Rate-Distortion-Perception Tradeoff for Gaussian Vector Sources
Jingjing Qian, Sadaf Salehkalaibar, Jun Chen, Ashish Khisti, Wei Yu, Wuxian Shi, Yiqun Ge, Wen Tong
TL;DR
This work extends the rate-distortion-perception (RDP) framework to Gaussian vector sources under quadratic distortion and KL or Wasserstein-2 perception losses. It proves that jointly Gaussian reconstructions are optimal and derives a convex, per-component optimization that yields the RDP function, revealing that active perception forces positive, componentwise rates with unequal water levels, unlike traditional reverse water-filling. For both KL and Wasserstein-2 metrics, the optimal solution admits a generalized water-filling interpretation, with explicit conditions and, in some cases, closed-form characterizations of the per-component parameters. The perceptually perfect reconstruction case (P=0) provides clear structural insights and asymptotic behavior in high- and low-distortion regimes, offering guidance for perception-aware multivariate coding in practice.
Abstract
This paper studies the rate-distortion-perception (RDP) tradeoff for a Gaussian vector source coding problem where the goal is to compress the multi-component source subject to distortion and perception constraints.
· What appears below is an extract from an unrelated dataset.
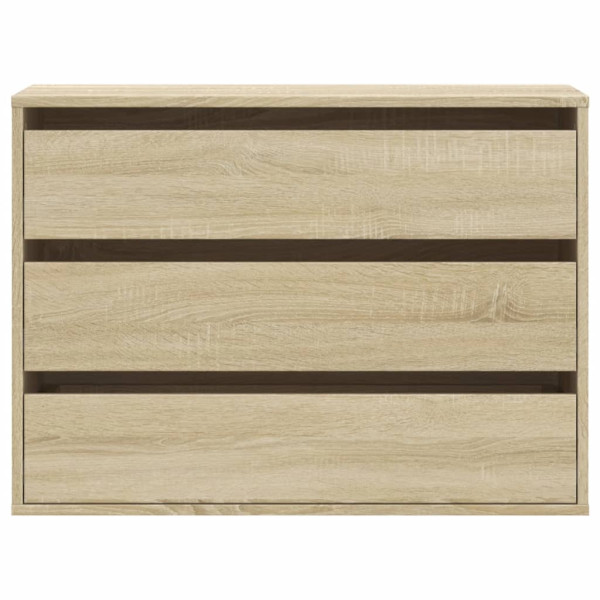 Cajonera de esquina madera ingeniería roble Sonoma 80x41x58 cm M 4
Specifically, the RDP setting with either the Kullback-Leibler (KL) divergence or Wasserstein-2 metric as the perception loss function is examined, and it is shown that for Gaussian vector sources, jointly Gaussian reconstructions are optimal. We further demonstrate that the optimal tradeoff can be expressed as an optimization problem, which can be explicitly solved. An interesting property of the optimal solution is as follows. Without the perception constraint, the traditional reverse water-filling solution for characterizing the rate-distortion (RD) tradeoff of a Gaussian vector source states that the optimal rate allocated to each component depends on a constant, called the water level. If the variance of a specific component is below the water level, it is assigned a zero compression rate. However, with active distortion and perception constraints, we show that the optimal rates allocated to the different components are always positive. Moreover, the water levels that determine the optimal rate allocation for different components are unequal. We further treat the special case of perceptually perfect reconstruction and study its RDP function in the high-distortion and low-distortion regimes to obtain insight to the structure of the optimal solution.